When we arrived where we were staying, my experience was no different. Conflicting odors of chicken and beef cooked by street vendors mingled with diesel in the heavy, humid air. One smell I will never forget is ballut. Ballut, a Filipino delicacy, is essentially the egg of a fertilized chick or duck two weeks shy of hatching. Yum. Boiled on the street, ballut is eaten by cracking the egg, drinking the amniotic juice and eating the little boiled chick, feathers and all. My friends laughed at my gag reflex. It was a real treat for them, for me it was an animal-rights issue. While I never truly adjusted to the idea of ballut, I did become acclimated to the Filipino way of life.
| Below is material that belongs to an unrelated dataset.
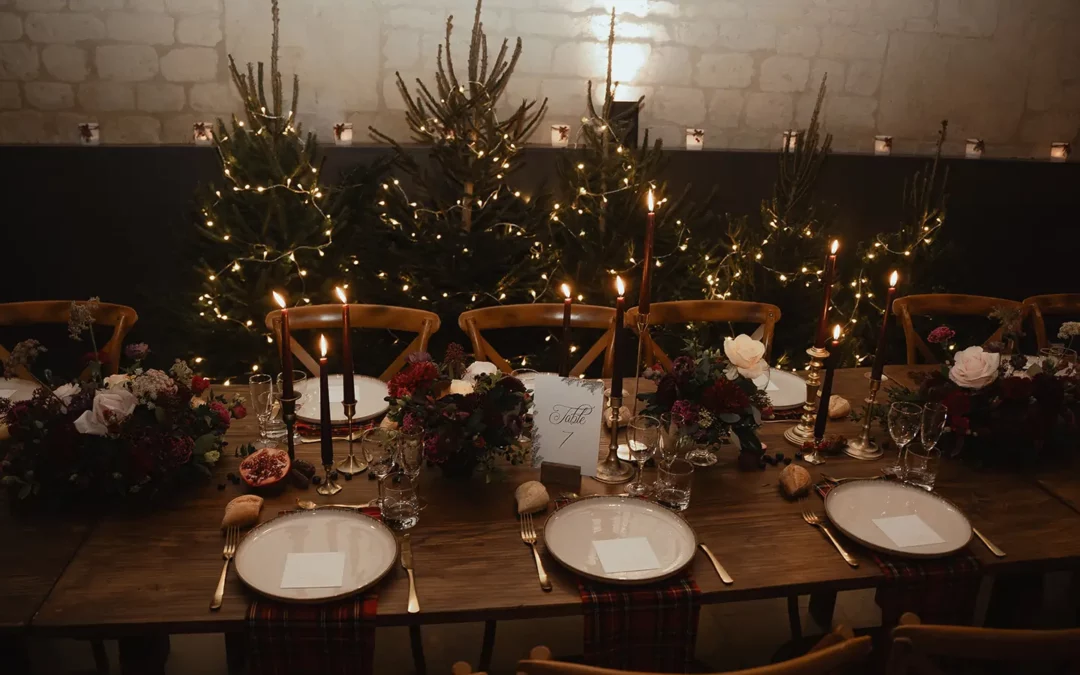 Faire dialoguer mobilier, fleurs et lumière pour une ambiance de mariage équilibrée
I adjusted to the heat and the smell of diesel, and I even developed a hand-sweating problem. I moved from a nervous visitor to a participant in the culture. I learned to relax in taxis as they ricocheted through town. Though I stayed for less than a month, the masses seemed less chaotic and more inviting. In a strange way, thirteen men on a moped began to make sense to me. The foreign had become familiar. I began to lose sight of the way things appeared to me as a visitor. This is what happens to us; the familiar can sometimes blind us to what is right under our nose. Seeing what we have grown up with is like smelling our own breath. The things that are closest to us are the least noticeable.
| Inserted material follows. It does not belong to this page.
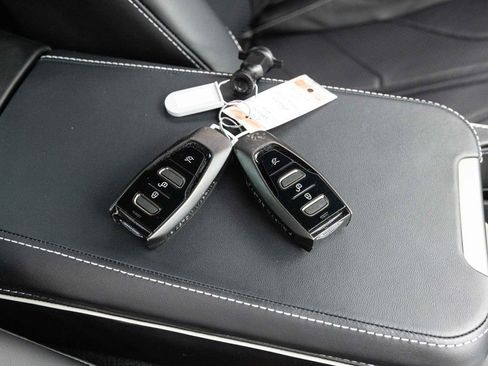 Used 2025 Aston Martin V8 Vantage Coupe image 54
The same is true when we look at our beliefs. Some may have a tough time viewing faith as nonsense, but the familiarity of our faith may blind us to its obvious absurdities. When we hear that faith is nonsense, it is natural to take exception or at least to be offended, but try looking at faith as if you are seeing it for the first time, like a tourist. To save the world a man builds a big boat in the desert. Angels talk to humans. God’s Son returns on clouds. Is it possible that these have become so familiar to us that their absurdity is no longer evident? But our resistance is understandable. Questioning our faith seems to ridicule the world we built our lives on, one that was formed by people we love and respect. Recounting the absurdities of our faith forces us to realize that in its purest form Christianity does not conform to human logic. Over the centuries these absurd details could have been edited and cleaned up to fit within the bounds of reason, but they haven’t.
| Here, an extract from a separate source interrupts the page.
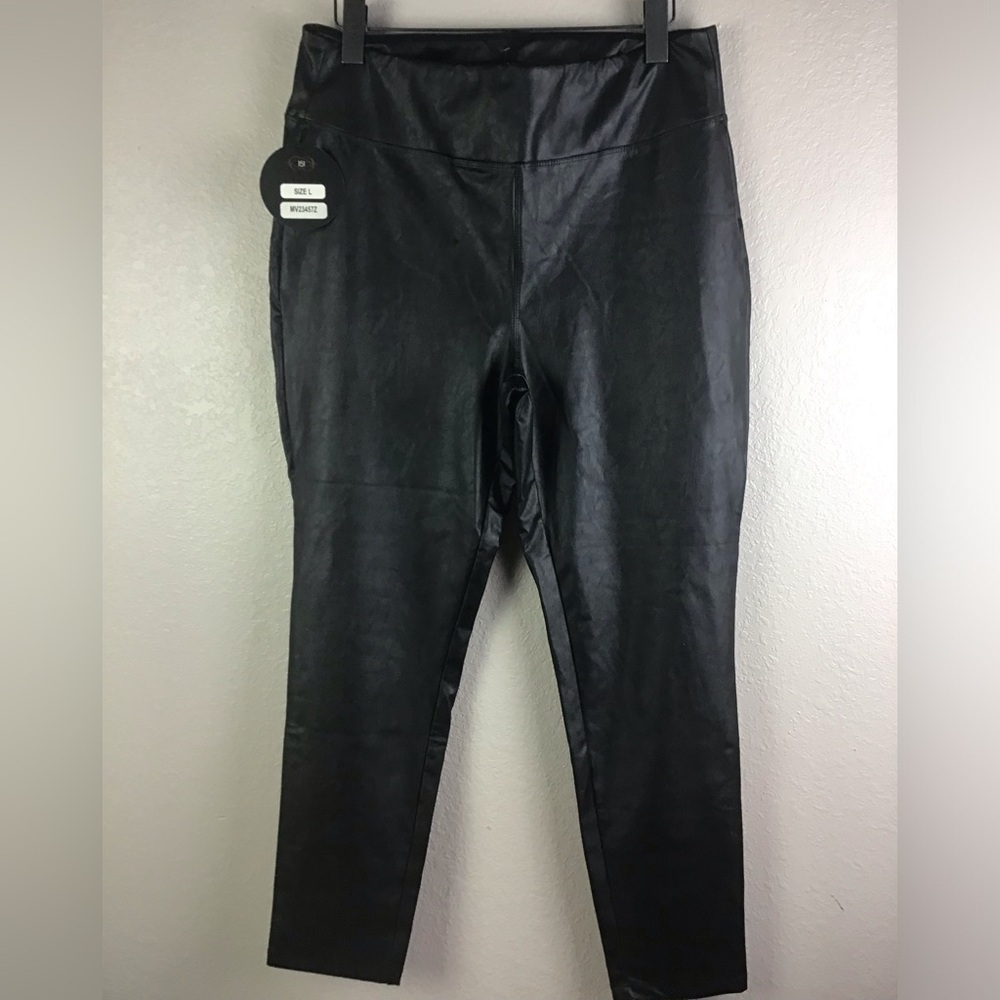 151 Women’s Size Large Black Faux Leather Tapered Leg Pants Barrel Style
Only in the last few hundred years have the faithful felt compelled to make sense of Christianity. So we resist acknowledging the nonsense of Christianity. If we agree that Christianity doesn’t make sense, we fear it will lose validity—revealing that Christianity is wrong. But what I hope to investigate in this book is that perhaps the absurdity of faith is the only way to validate it conclusively. If we are looking for something that proves our faith, logic or reason won’t do it. Ironically, it is the fact that our faith is so strange that makes it so logically compelling. So let’s look at Christianity with the same objectivity we would use to understand Haitian voodoo. Let’s try to imagine what Christianity would look like if we had never been to church, never read the Bible or prayed. Imagine the difficulty of understanding ideas like grace (love your enemies) or the atonement (God handed his Son over to die for us). As we step into this sometimes uncomfortable exercise, remember that the more it seems contrary to reason, the more it bears the imprint of something wholly Other.

At our first tourist stop we will visit a church and examine Christian practices. The church and its worship are very strange phenomena. Where else do people (some of them complete strangers to one another) sing songs, read stories from an ancient book and listen to a speech on how to live? Some churches feature robes and rituals; others, T-shirts and a rock band. Most churches feature a cross—a symbol of an ancient execution. Strange. Bread (or wafers) and wine (or grape juice) are distributed to people as the body and blood of someone who died over two thousand years ago. The songs, rituals and symbols on a Sunday morning all refer to events thousands of years in the past. The point of the morning is to worship someone or something unseen and unheard by most. At the conclusion of the time together, someone passes a plate or a basket to collect money. If this were your first time seeing all of this, it may look to you like an elaborate scam.